Neural Population Coding Is Optimized by Discrete Tuning Curves

The sigmoidal tuning curve that maximizes the mutual information for a Poisson neuron, or population of Poisson neurons, is obtained. The optimal tuning curve is found to have a discrete structure that results in a quantization of the input signal. The number of quantization levels undergoes a hierarchy of phase transitions as the length of the coding window is varied.
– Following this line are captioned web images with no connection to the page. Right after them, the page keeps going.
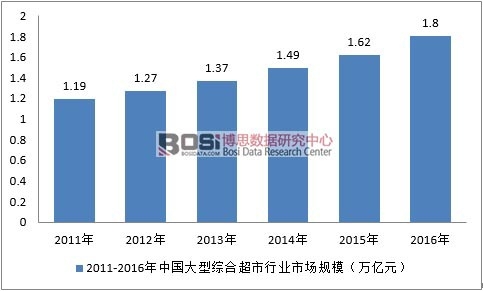 2011-2016���Ї����;C�ϳ����ИI(y��)�Ј�Ҏ(gu��)ģ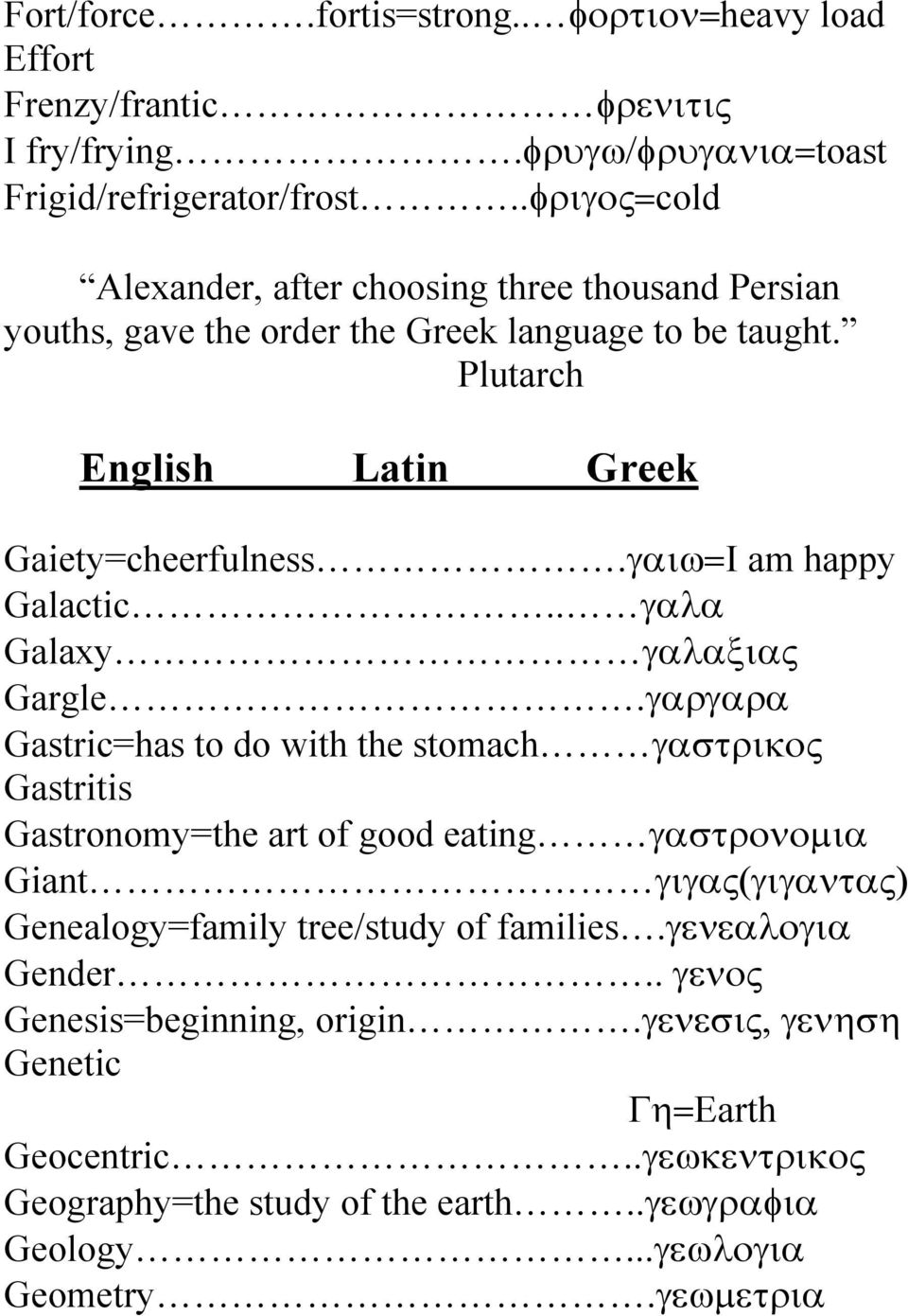 γαιω=I am happy Galactic.. γαλα Galaxy γαλαξιας Gargle.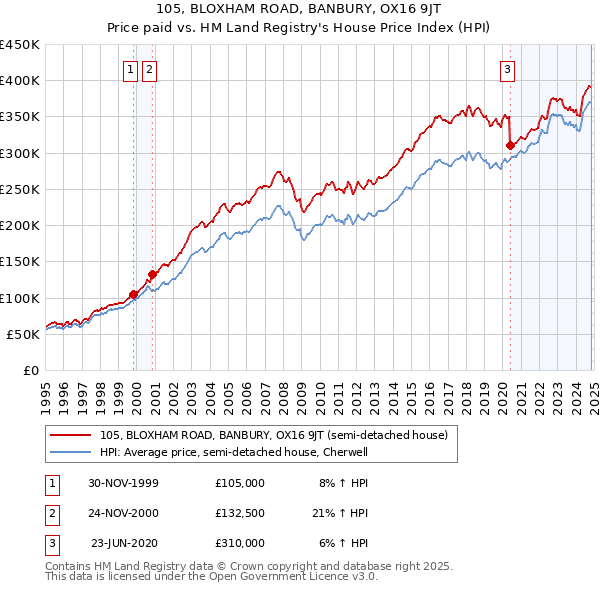 105, BLOXHAM ROAD, BANBURY, OX16 9JT: Price paid vs HM Land Registry's House Price Index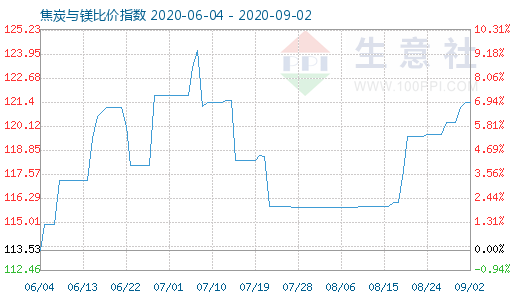 9月2日焦炭與鎂比價(jià)指數(shù)圖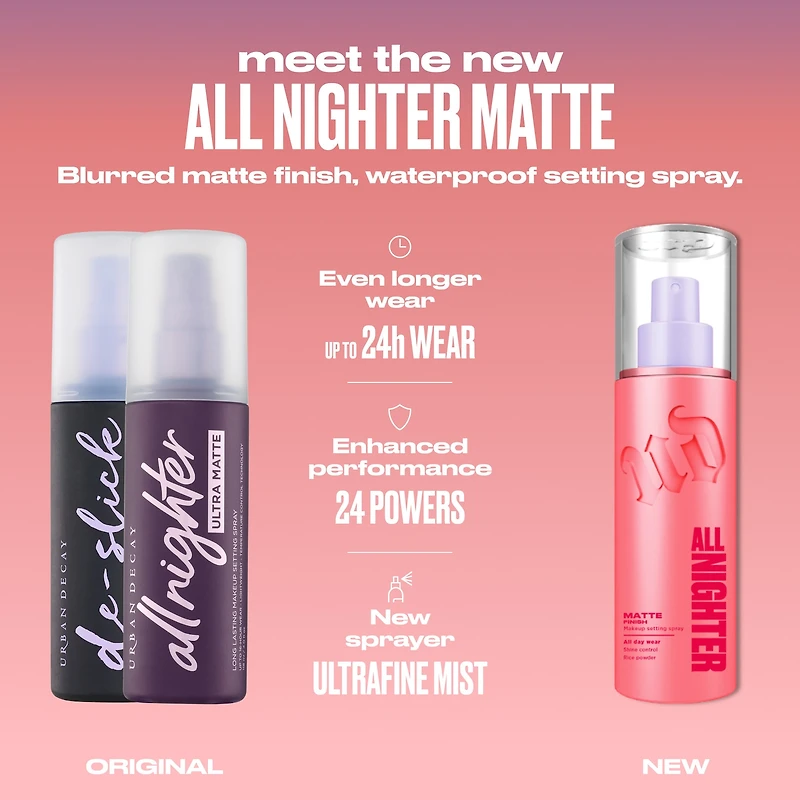 All Nighter Waterproof Matte Setting Spray with 24HR Wear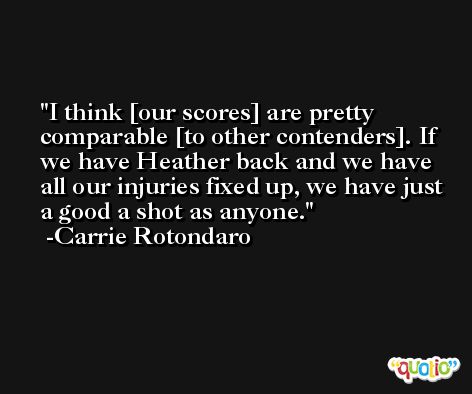 I think [our scores] are pretty comparable [to other contenders]. If we have Heather back and we have all our injuries fixed up, we have just a good a shot as anyone. -Carrie Rotondaro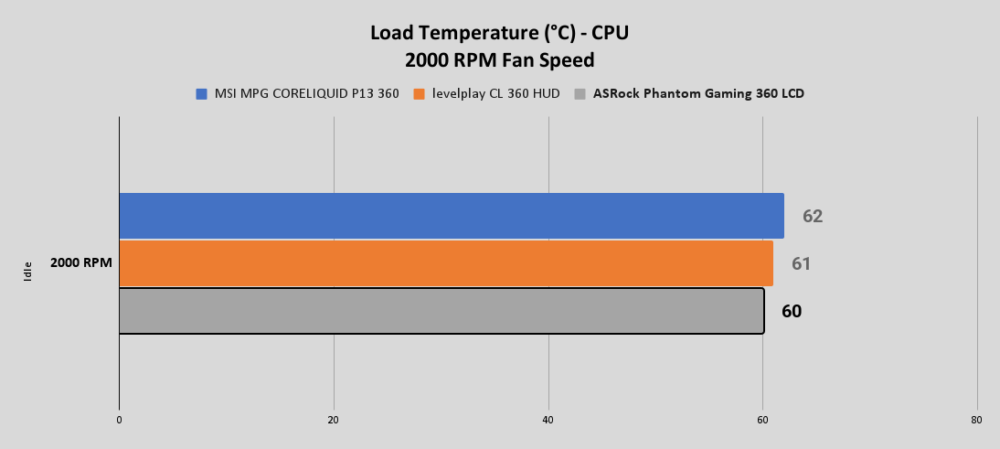 PG 360 LCD Load Temperature °C CPU 2000 RPM Fan Speed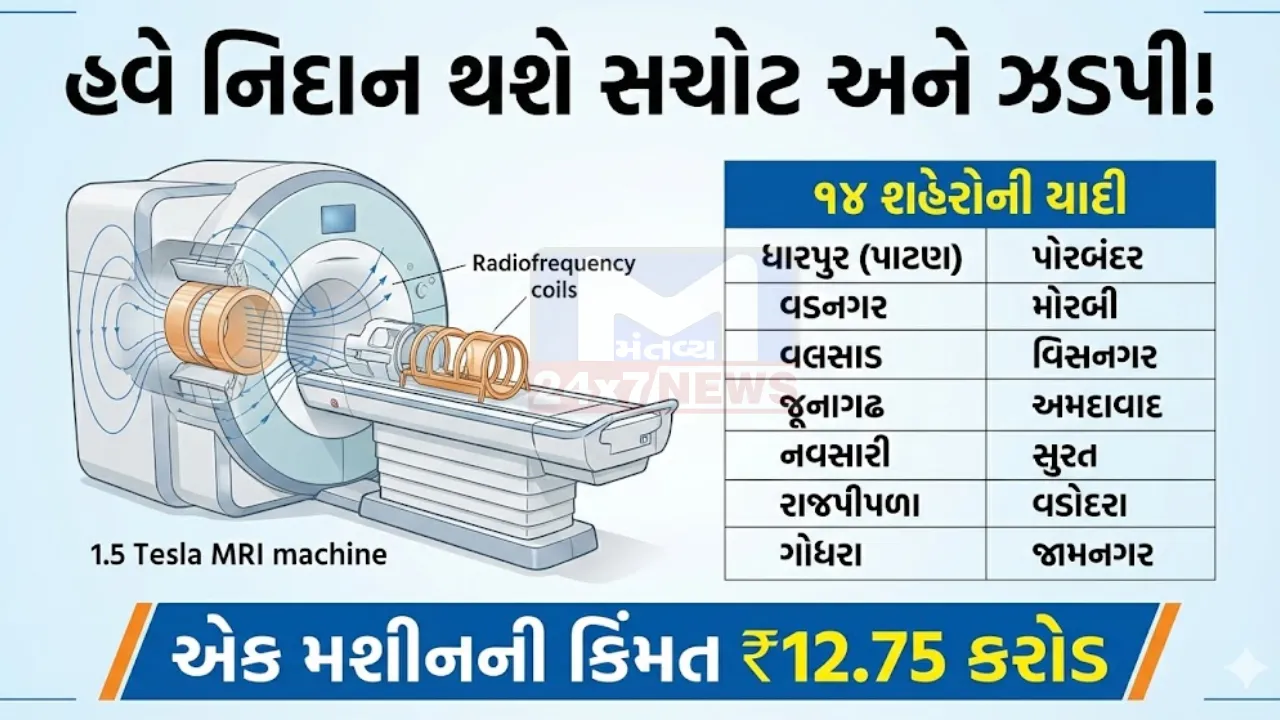 ગુજરાતના આરોગ્ય ક્ષેત્રે મોટી ક્રાંતિ! આ 14 સેન્ટરો પર હવે MRI કરાવવું બનશે સરળ અને સસ્તું, સરકારે લીધો મોટો નિર્ણય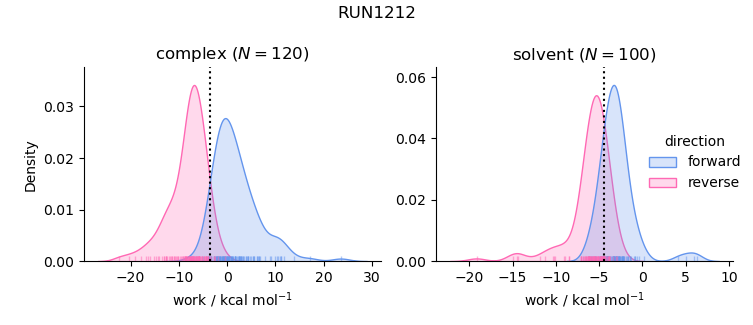 work distributions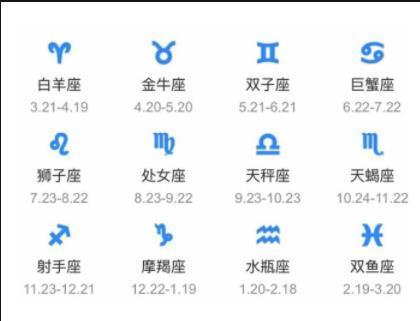 算星座 Excel星座公式 星座公式 月亮星座查询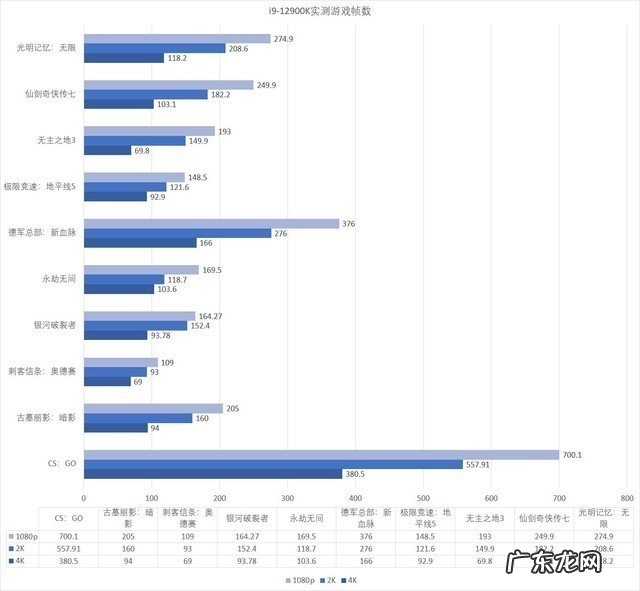 实测10款游戏 12代酷睿不愧是游戏神U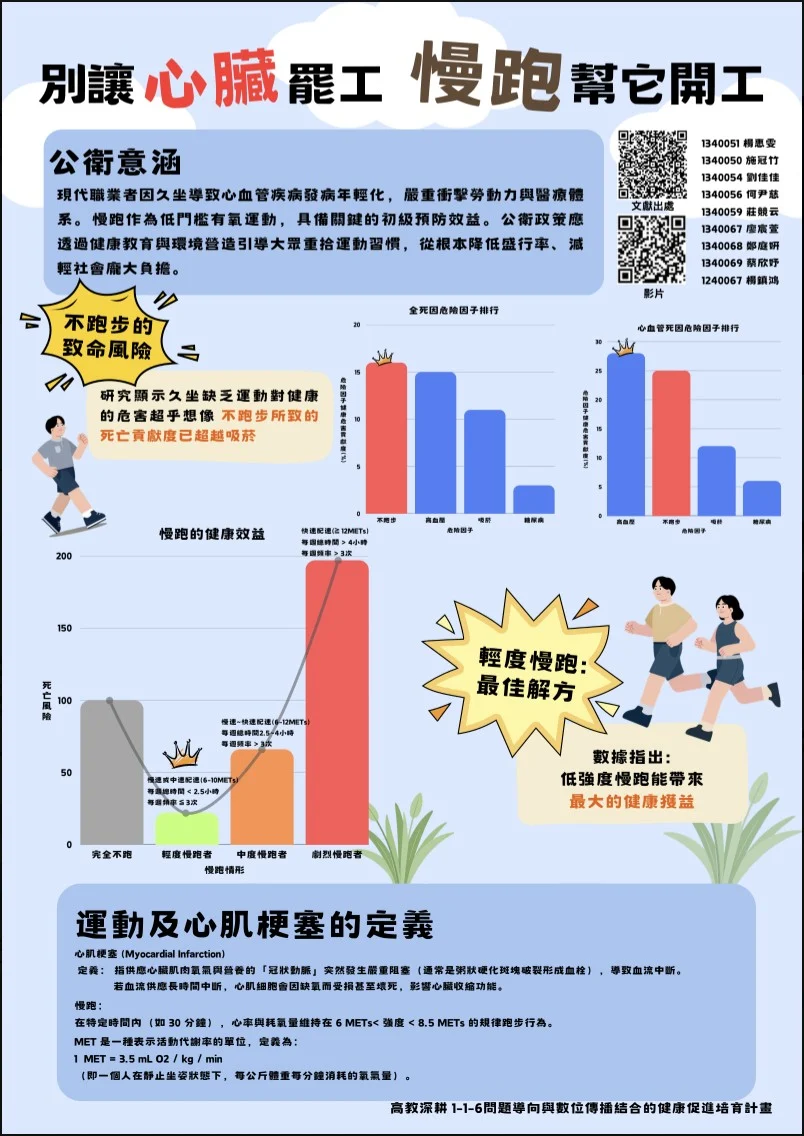 Line Album 邁向新時代的健康促進 260629 12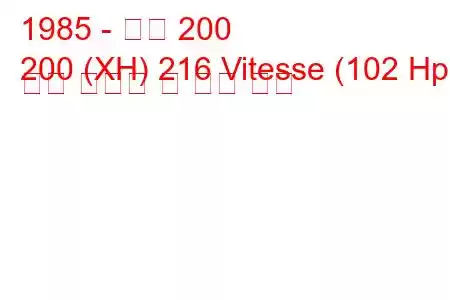 1985 - 로버 200
200 (XH) 216 Vitesse (102 Hp) 연료 소비량 및 기술 사양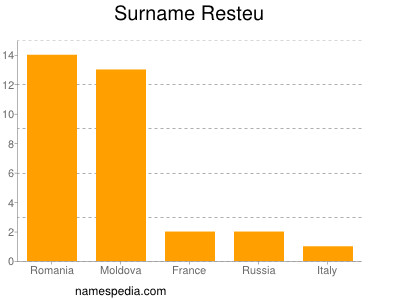 nom Resteu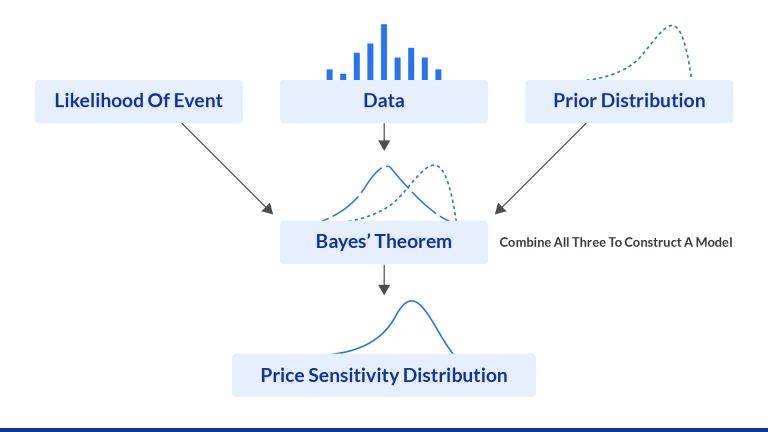 Bayesian model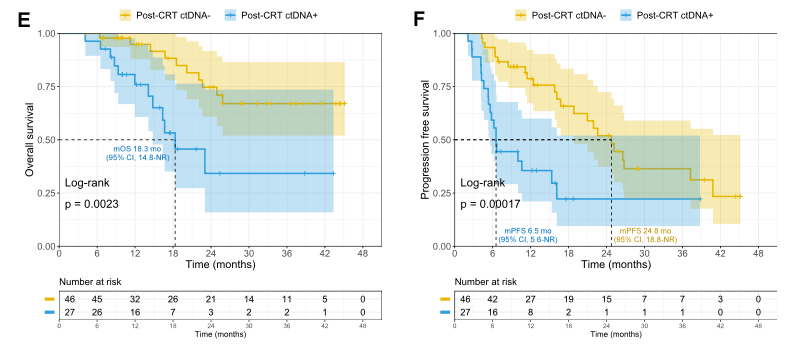 基线及放化疗后ctDNA MRD状态对OS和PFS预测的比较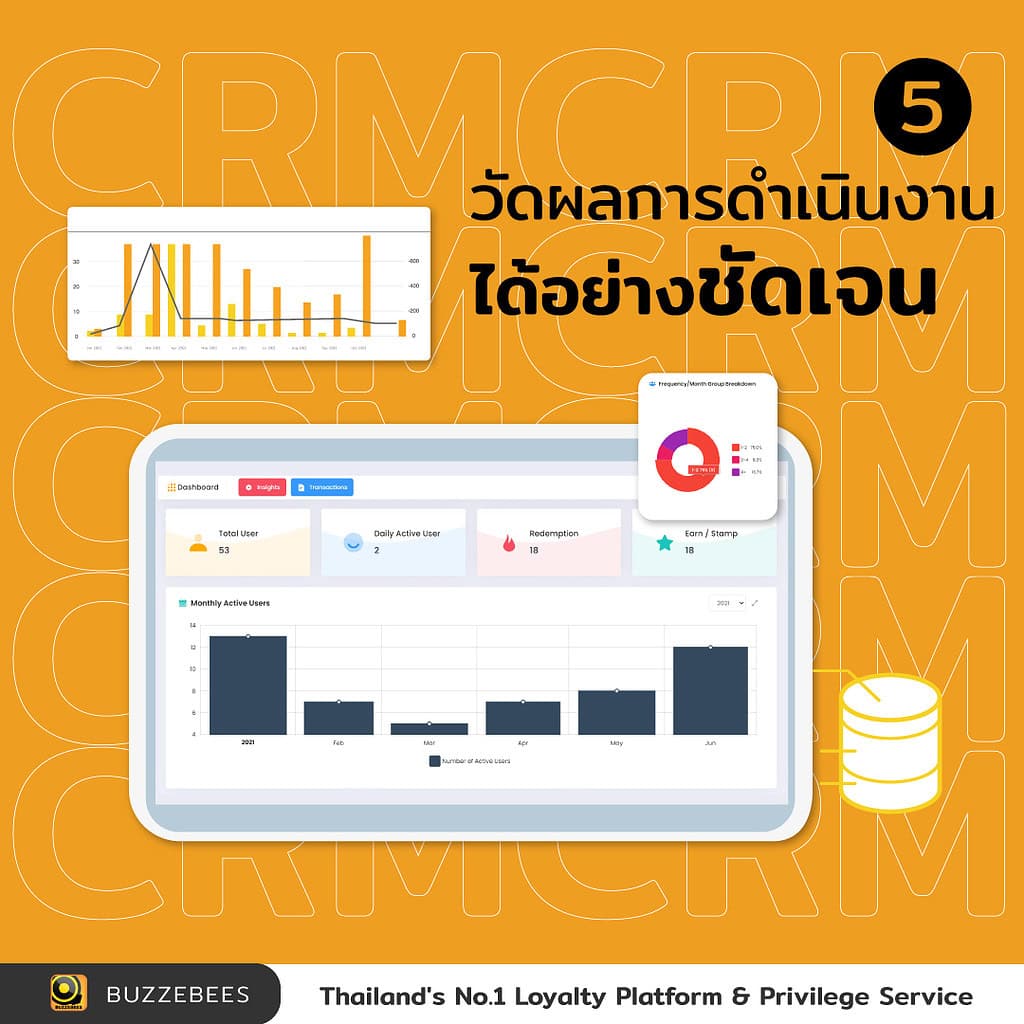บอกต่อ 5 ข้อดีของ 'ระบบสะสมแต้ม' - Buzzebees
We postulate, using the mammalian auditory system as an example, that the presence of a subpopulation structure within a neural population is consistent with an optimal neural code.

Figure 1

The partition boundaries ${\theta }_i$ against the maximum mean spike count $N=T{\nu }_{\max }$. Also shown for $N=2$, 7, 15, and 22 are the optimal $f(x)$ (top insets) and the population distributions (bottom insets). The parameters are $x_{\min }=0$, $x_{\max }=1$, ${\nu }_{\min }=0$, and $x$ uniformly distributed.

Figure 2

The set of optimal firing rates ${\varphi }_i$, $i=0,\dots ,M-1$, for the overall population with $M-1$ subpopulations, as a function of $N$ (top), and the mutual information for the optimal solution (bottom). The dashed line shows the mutual information that would result if binary coding were utilized [14].